I’d make some of the same mistakes repeatedly and each time I noticed new ways my mentality over girls was stunting me. This is when I realized I could turn my mistakes into lessons. Whenever I fapped, it was an opportunity to look at what made me do it. What was happening in my life? What were my thoughts beforehand/afterwards? What was my body feeling?
After I graduated college with a respectable GPA, I kept pushing. I was running a startup. I traveled the world. And then I realized I needed to leave my company even though I was doing a lot better with it, so I did. Took a bunch of odd jobs. Struggled. Learned to enjoy things for the first time in my life. Eating. Reading. Walking. Working in a backyard. Being okay with where I am. Developing new habits.
Sitting with my thoughts only to discover I’m not such a monster after all. I’ve made my sexuality mine
My benefits today:
– Moved out to my own place with a roommate. We live in an amazing spot.
– Incredible friends, including several super-close ones. No one tells you how empowering it is to be able to give to others. It’s not just about getting things from them.
– Traveled the US and Canada by train last year for 90 days. I randomly met beautiful people, heard extraordinary stories, explored new places, hooked up with girls. The stereotypical crazy trip.
– I’m writing a book that’s finally almost done. (I started writing it on that train ride, it was my main motivation for going on it. Best decision I’ve ever made.)
– Have a job where I set my own hours, and even though I dislike the job I’m grateful it lets me do what I want and lets me have a great lifestyle.
– Relationship with parent is way better.
– Much happier, I’m stable, I’m confident, able to hold others’ emotions and give them space to feel safe and be themselves.
– Articulate, easy-going, my memory is much better than it used to be. Virtually no fatigue.
– Dating lots right now and it’s great.
– My body is SO much more sculpted than it was. I’m almost all muscle now. Redid my look — new haircut, new clothes, new walk, deeper voice, bolder personality. Still an introvert, but I’m thrilled by connection, even when it’s at big parties. I show up to parties by myself and meet as many people as I can. Just went home with a girl at the last one I went to. Wonderful night.
– I last forever in bed, don’t need to come to enjoy the night. It makes me happy to make girls happy.
And again, I have to reiterate, I HAVE NEVER MADE NINETY DAYS. I made it 83 days once and then I blew it. Porn comes up from time to time and I still ask myself why, and I still work harder for next time.

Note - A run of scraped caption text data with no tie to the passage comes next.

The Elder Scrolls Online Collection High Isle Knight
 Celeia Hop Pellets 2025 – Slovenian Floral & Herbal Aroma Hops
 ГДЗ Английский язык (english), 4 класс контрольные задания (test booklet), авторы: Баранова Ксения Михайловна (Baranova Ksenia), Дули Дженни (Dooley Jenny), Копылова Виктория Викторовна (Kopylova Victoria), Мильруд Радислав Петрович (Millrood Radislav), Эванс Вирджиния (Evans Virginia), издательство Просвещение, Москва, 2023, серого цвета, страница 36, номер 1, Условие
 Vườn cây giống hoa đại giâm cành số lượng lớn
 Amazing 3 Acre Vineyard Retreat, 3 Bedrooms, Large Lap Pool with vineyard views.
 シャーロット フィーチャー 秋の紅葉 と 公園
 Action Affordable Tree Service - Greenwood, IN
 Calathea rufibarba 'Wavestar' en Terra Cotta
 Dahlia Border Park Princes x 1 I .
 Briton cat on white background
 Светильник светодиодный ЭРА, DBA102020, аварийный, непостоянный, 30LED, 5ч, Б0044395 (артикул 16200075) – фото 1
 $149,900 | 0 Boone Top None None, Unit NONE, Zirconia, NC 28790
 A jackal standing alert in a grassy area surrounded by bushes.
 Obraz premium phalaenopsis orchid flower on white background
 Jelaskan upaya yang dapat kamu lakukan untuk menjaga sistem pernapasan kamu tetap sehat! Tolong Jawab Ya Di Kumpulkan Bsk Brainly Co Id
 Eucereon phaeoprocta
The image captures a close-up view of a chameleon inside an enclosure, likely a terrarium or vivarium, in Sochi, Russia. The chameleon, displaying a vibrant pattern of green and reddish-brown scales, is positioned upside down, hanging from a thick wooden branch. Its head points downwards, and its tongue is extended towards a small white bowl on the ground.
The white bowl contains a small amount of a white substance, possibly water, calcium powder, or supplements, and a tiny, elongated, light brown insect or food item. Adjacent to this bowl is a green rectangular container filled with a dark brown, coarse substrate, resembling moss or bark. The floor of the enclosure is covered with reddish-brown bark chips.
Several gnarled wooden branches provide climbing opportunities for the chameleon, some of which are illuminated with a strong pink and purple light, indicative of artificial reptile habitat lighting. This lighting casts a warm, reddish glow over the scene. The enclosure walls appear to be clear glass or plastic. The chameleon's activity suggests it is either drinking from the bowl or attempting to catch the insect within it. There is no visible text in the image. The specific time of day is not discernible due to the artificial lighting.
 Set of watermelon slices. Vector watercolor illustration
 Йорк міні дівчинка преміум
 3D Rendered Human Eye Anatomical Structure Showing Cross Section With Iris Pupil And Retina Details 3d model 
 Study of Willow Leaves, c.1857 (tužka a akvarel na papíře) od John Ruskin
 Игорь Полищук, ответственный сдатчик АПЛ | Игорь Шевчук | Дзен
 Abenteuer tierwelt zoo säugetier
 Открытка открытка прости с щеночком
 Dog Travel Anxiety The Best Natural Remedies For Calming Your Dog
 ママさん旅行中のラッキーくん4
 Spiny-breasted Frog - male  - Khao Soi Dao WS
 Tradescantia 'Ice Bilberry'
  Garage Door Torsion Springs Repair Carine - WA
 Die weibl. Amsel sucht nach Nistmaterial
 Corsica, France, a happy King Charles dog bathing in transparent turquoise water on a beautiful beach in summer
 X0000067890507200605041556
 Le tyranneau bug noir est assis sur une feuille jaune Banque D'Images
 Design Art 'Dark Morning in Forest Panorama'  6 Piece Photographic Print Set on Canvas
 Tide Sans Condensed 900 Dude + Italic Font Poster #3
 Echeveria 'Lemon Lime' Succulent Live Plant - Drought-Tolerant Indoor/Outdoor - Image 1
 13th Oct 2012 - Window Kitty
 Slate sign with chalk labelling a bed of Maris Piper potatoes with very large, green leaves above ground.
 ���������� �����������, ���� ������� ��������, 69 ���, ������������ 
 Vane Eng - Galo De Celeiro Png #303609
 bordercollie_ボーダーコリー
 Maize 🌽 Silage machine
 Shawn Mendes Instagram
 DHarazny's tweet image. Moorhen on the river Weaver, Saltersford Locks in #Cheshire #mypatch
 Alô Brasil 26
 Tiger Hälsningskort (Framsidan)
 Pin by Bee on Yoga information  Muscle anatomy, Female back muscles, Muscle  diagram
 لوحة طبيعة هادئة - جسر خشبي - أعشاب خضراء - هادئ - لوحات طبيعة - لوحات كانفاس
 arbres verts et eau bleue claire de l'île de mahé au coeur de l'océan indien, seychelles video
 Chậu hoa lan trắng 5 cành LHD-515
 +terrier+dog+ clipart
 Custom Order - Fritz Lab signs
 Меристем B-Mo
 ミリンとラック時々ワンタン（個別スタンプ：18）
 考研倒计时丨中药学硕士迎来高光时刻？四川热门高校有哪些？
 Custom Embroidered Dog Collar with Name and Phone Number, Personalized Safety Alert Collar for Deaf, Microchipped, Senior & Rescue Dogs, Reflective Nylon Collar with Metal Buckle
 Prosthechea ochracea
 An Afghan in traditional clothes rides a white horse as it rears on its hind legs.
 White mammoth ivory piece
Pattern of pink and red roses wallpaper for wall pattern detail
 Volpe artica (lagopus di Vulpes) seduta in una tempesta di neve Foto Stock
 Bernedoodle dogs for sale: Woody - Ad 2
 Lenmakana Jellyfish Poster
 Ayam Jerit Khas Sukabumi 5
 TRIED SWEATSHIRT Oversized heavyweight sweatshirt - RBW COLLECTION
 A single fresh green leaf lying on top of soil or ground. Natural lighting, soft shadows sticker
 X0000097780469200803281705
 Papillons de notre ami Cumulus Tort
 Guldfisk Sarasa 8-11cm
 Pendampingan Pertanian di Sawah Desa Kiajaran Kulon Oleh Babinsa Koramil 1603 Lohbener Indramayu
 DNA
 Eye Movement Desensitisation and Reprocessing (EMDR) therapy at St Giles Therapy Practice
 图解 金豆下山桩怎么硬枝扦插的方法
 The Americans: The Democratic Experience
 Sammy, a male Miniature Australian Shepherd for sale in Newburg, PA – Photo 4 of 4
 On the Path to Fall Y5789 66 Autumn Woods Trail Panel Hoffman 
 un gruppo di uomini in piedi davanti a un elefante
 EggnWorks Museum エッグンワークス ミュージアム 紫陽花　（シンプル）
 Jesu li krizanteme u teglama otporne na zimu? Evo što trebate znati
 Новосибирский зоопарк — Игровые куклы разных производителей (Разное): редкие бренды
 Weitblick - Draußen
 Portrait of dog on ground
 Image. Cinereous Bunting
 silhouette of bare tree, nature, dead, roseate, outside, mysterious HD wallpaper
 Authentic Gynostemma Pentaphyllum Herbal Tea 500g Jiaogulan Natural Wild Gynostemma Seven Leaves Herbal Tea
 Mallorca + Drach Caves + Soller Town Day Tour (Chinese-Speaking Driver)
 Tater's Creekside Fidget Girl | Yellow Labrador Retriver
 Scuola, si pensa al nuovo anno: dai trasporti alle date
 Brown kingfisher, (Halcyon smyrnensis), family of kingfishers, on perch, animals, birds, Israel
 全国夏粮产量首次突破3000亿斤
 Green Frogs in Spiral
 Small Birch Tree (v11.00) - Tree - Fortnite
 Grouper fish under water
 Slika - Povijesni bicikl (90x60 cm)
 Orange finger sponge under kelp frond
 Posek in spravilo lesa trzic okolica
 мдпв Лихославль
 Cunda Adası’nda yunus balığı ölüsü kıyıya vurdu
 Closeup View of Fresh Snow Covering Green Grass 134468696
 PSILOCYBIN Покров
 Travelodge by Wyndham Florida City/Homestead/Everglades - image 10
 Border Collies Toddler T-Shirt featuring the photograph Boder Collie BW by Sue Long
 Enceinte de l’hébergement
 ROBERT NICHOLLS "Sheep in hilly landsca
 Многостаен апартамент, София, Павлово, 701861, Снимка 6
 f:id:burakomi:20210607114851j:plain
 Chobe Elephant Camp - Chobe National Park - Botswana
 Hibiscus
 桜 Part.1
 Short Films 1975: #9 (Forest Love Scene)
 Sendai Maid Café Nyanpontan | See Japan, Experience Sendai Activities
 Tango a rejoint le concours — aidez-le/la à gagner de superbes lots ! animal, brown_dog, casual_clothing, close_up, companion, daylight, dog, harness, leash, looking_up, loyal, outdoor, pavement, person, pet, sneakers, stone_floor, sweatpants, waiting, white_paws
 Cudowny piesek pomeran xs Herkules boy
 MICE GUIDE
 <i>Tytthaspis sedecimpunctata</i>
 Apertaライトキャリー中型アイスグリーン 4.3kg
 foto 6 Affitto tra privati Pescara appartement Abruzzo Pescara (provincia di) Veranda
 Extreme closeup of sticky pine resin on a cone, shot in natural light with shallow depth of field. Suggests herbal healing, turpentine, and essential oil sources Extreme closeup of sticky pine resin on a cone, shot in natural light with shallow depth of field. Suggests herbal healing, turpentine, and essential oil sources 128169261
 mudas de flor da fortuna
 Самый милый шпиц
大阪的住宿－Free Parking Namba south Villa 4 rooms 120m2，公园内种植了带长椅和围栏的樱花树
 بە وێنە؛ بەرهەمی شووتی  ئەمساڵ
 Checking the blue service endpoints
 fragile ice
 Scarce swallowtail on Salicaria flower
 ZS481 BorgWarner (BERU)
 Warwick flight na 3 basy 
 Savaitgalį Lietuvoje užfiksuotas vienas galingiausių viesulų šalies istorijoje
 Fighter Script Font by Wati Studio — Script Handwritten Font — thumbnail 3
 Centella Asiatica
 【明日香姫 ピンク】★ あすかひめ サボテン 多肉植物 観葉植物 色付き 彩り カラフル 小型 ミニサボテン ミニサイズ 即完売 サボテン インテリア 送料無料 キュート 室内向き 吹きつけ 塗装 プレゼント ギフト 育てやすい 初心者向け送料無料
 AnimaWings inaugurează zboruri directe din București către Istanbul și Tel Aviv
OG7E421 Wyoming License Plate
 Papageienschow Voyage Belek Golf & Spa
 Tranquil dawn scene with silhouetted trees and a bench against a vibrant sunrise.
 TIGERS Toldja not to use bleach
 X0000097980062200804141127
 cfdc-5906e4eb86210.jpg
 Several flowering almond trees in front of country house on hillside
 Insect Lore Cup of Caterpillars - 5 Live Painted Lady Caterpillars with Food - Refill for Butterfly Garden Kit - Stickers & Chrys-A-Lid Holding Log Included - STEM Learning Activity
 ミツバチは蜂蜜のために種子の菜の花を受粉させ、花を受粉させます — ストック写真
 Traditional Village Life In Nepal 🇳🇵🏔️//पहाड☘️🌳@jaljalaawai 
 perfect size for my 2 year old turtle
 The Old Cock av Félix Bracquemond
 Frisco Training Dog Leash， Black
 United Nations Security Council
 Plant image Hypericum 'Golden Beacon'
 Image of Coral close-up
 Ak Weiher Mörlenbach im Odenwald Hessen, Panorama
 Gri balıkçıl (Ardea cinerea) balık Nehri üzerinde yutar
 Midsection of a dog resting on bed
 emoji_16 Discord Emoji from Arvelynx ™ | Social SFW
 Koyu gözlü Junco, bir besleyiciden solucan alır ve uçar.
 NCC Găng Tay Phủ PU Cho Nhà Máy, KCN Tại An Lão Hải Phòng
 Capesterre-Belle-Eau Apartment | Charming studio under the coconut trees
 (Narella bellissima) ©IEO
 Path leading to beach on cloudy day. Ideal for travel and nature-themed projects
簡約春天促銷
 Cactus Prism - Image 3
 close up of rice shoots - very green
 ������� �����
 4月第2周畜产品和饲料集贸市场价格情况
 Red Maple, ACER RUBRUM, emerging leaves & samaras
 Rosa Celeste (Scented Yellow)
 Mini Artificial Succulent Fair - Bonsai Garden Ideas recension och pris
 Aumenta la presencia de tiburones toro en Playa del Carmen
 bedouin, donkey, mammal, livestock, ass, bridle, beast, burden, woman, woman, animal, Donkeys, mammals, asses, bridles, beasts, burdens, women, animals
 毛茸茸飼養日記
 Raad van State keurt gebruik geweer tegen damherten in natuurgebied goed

What I do/don’t do these days:
– I don’t do porn blockers.
– I take low-dose naltrexone, which has helped.
– I meditate 2x/day.
– I work out 5x/week.
– I write every day.
– I talk to someone every day.
– I spend time alone every day.
– I cook healthy meals, mostly vegetarian/fish.
– I’ve cut down dramatically on TV/video games.
The amount my life has changed with incremental gains is crazy to me. I’m not at all the person I was when I started. My consistent amount I fap per month these days is about 7x, including with P (it’s not always with P). If I do it twice in a day, I count that as 2x, so it’s often 5 days out of the month that I fap, usually clumped together as part of the chaser effect. (Definitely a real thing.)
Still: I’ve won. Porn can’t take the life I’ve already lived away from me. If you count all the days I haven’t fapped since I started this journey, It’s easily over a thousand days. It adds up. Not as good as long streaks, but listen — do what you can, with what you have, where you are.
tl;dr: Never give in. Never give in. Never give in.